Aim of the exercise:
In the listing below, find the line with "The Omega Speedmaster 3520.50.00 Men" and the line with "s Stainless Steel Black Dial watch". Repeat those two lines and all lines between them exactly.
--- Data supplied Enclosed Below ---
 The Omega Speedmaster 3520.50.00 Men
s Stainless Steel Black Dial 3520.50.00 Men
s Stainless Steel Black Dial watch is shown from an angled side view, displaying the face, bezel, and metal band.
--- End of Enclosed Data supplied ---
--- Data supplied Enclosed Below ---
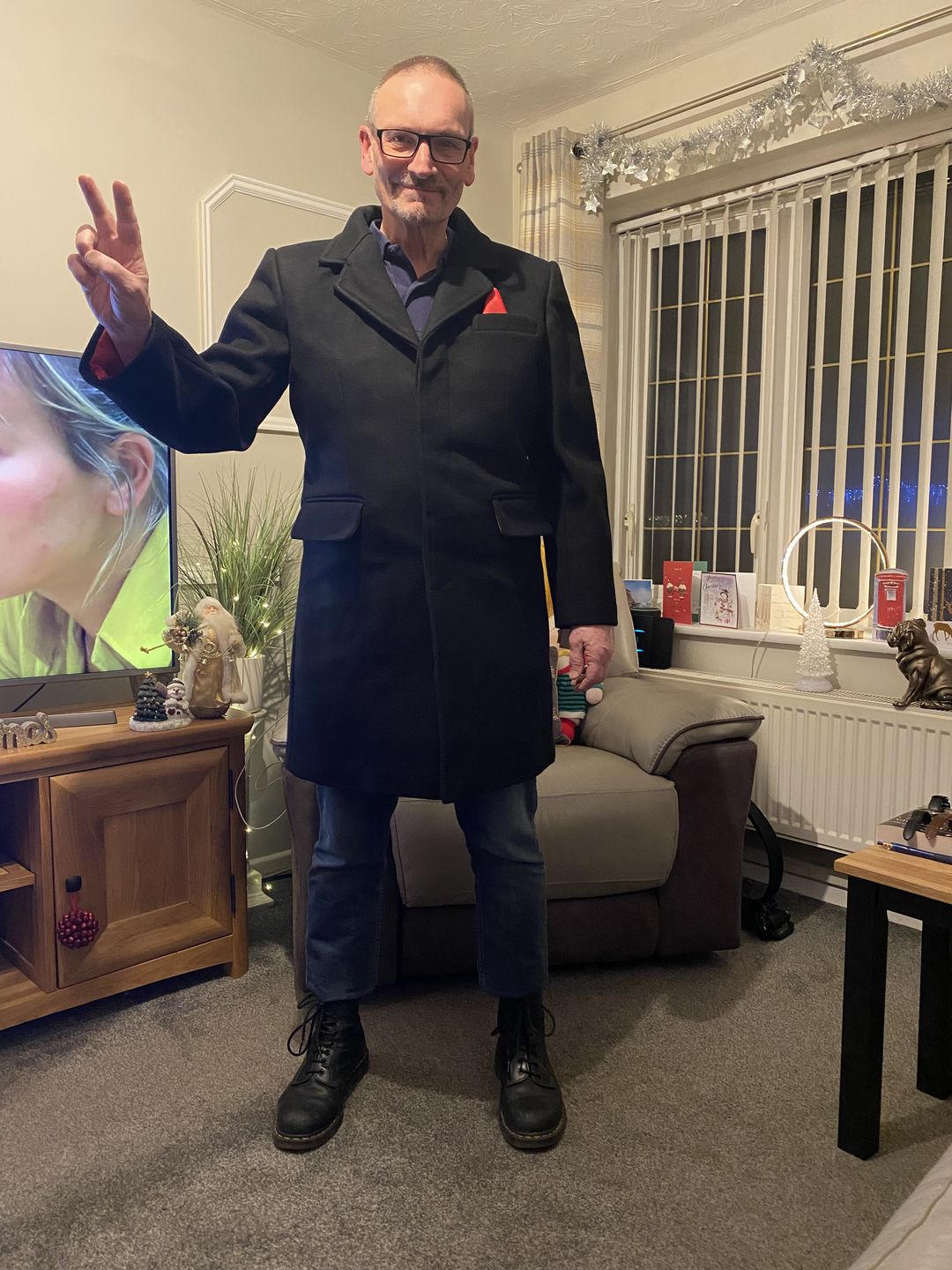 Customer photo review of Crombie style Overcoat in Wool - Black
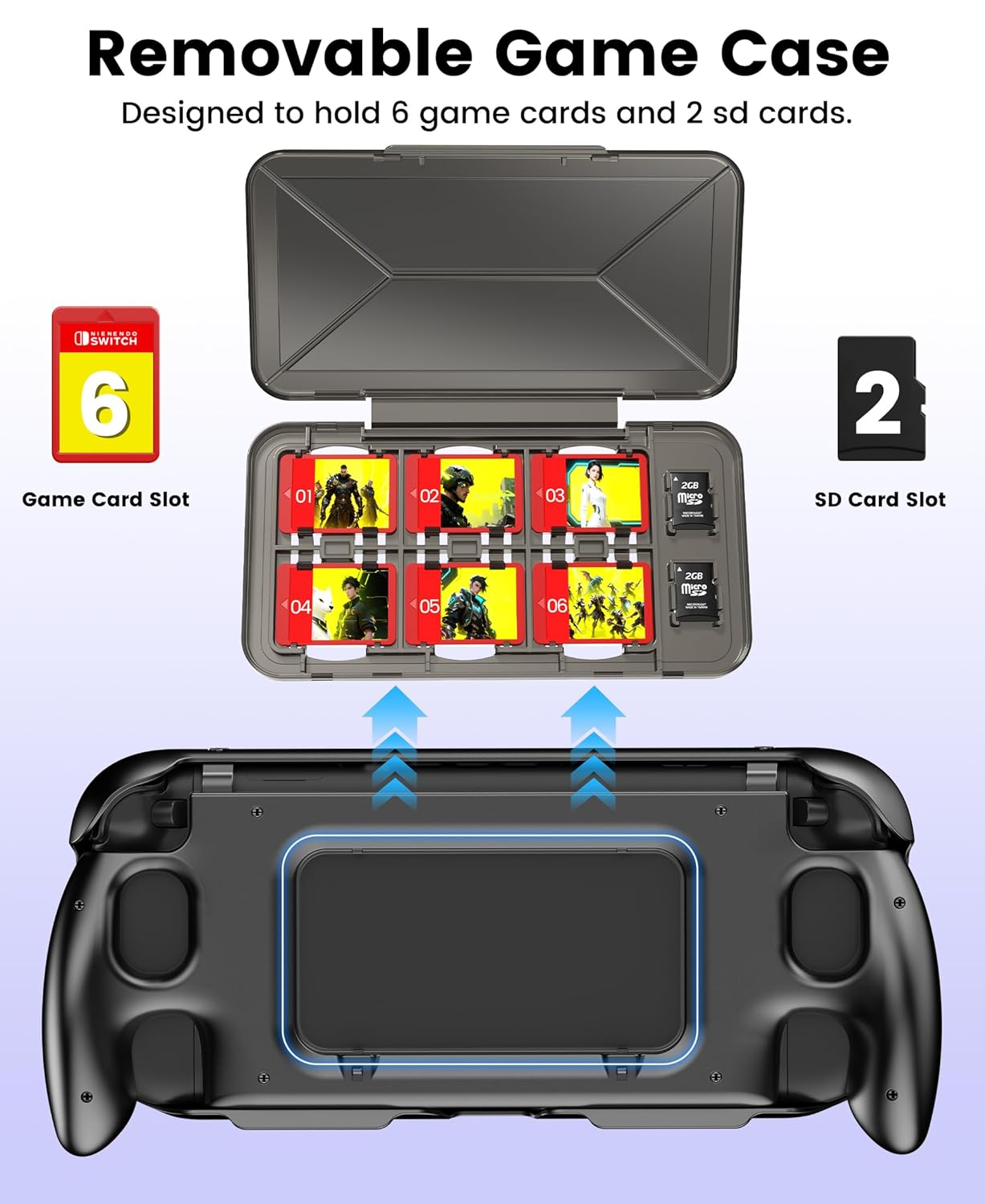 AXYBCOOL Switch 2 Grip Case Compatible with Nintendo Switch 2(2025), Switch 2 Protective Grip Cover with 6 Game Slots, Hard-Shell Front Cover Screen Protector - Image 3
--- End of Enclosed Data supplied ---
Answer:
 The Omega Speedmaster 3520.50.00 Men
s Stainless Steel Black Dial 3520.50.00 Men
s Stainless Steel Black Dial watch is shown from an angled side view, displaying the face, bezel, and metal band.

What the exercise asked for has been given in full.